90. The practice of zazen can carry me into a silence beyond words and images and concepts. In this silence there is no yesterday, no tomorrow, no today. Here each and every preference falls away, for there is neither two nor one. There only 'is', an 'is' that mysteriously 'is not'. This mysterious 'is' does not belong to me, nor can I tie it down with a name. Lost in 'is-ness' I cease to be and yet am somehow strangely sustained.
Sunday, 26 February 2017
Wednesday, 22 February 2017
89. ZEN REMARKS
89. A listening practice can help you cultivate and nurture an inner silence. This is the silence that, as someone has said, 'adds nothing but changes everything'. Just sit and listen and learn the language of silent love.
Monday, 20 February 2017
88. ZEN REMARKS
88. The Zen practitioner is urged to 'listen with the eye, see with the ear'. That is to say, Zen recognises that in order to listen effectively it is not enough to rely on the ear alone or, to see what is right in front of you, to rely solely on the eye. Zen listening is a whole person activity.

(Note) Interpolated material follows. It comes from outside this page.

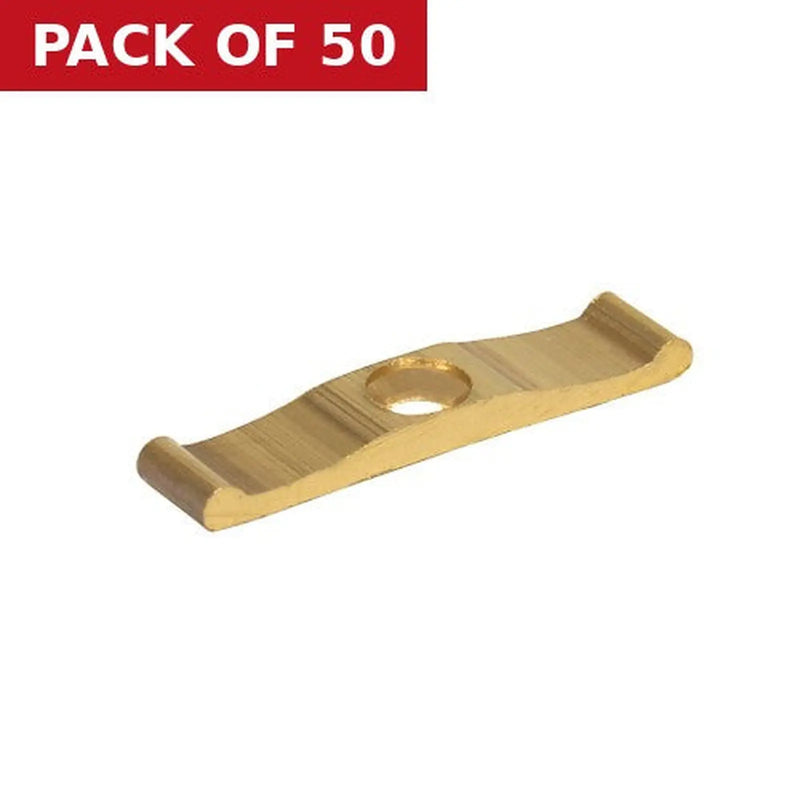 Centurion 38mm PB Turn Buttons - Pack of 50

In the words of the great thirteenth century Chinese monk Mumon Ekai: 'Arouse your entire body with its three hundred and sixty bones and joints and its eighty-four thousand pores of the skin; summon up a spirit of great doubt and concentrate ...' Listen with this degree of total concentration and discover that suddenly 'internal and external are spontaneously united'. Listen like this and you will not only 'stop the tolling of the distant temple bell' but will also become most intimate with 'the sound of one hand'.
Friday, 17 February 2017
87. ZEN REMARKS
87. A Zen story has it that a monk visited a mountain hermit and asked him, 'Oh venerable master, how can I enter the Way?' The hermit replied with a question of his own, 'Do you hear the sound of that mountain stream?' The monk answered, 'Yes, I do'. Then the hermit said, 'Enter there! Enter there!'
When practising zazen you might ask yourself, 'What do I hear?' Pay careful attention to the sounds that accompany your practice of zazen. Then let the question arise, 'Who is hearing this sound?'
When practising zazen you might ask yourself, 'What do I hear?' Pay careful attention to the sounds that accompany your practice of zazen. Then let the question arise, 'Who is hearing this sound?'
Monday, 13 February 2017
86. ZEN REMARKS
86. Kanseon is the Bodhisattva of Compassion. She is the one who listens to the cries of the world. As such, she can serve as the inspiration for a good zazen practice, namely, to just sit and listen, to just sit and listen without any running commentary. Against a background of breath awareness and body awareness just sit and attend to the sounds that happen about you. Some of these sounds will be obvious and will simply break in upon you. Others will be more subtle and will barely register even when you are paying the most careful attention. Now this practice of listening will change imperceptibly into a form of body awareness, an awareness of body that is inclusive of the body's environment. And so it is that as a zazen practitioner you become one with Kanseon, attentive to sounds that include the cries of the world, the cries of the earth, the earth under stress. Sitting zazen you sit for the well being, even the salvation, of this stressed out earth, now realized as your very own body.
Monday, 6 February 2017
85. ZEN REMARKS
85. In emptiness there is no coming and going. And yet we do in fact travel from place to place. One day in India, the next in Australia. Does the Zen teaching about emptiness deny the evident fact of movement? A denial of the facts of everyday experience would fly in the face of reality and be at odds with what Zen is on about. Or does Zen take a dualistic view that contrasts an absolute dimension, in which there is neither movement nor plurality, with a relative world of phenomena, plurality, movement? But dualism, according to Zen, is a delusion. Now while it is true that Zen does talk in terms of the absolute and the relative, it does not see these as two different realities. In the words of the 'Heart Sutra' Zen is rooted in the realization that 'emptiness is form and form is emptiness'. Zen acknowledges that there is coming and going while keenly realizing that all coming and going is essentially empty.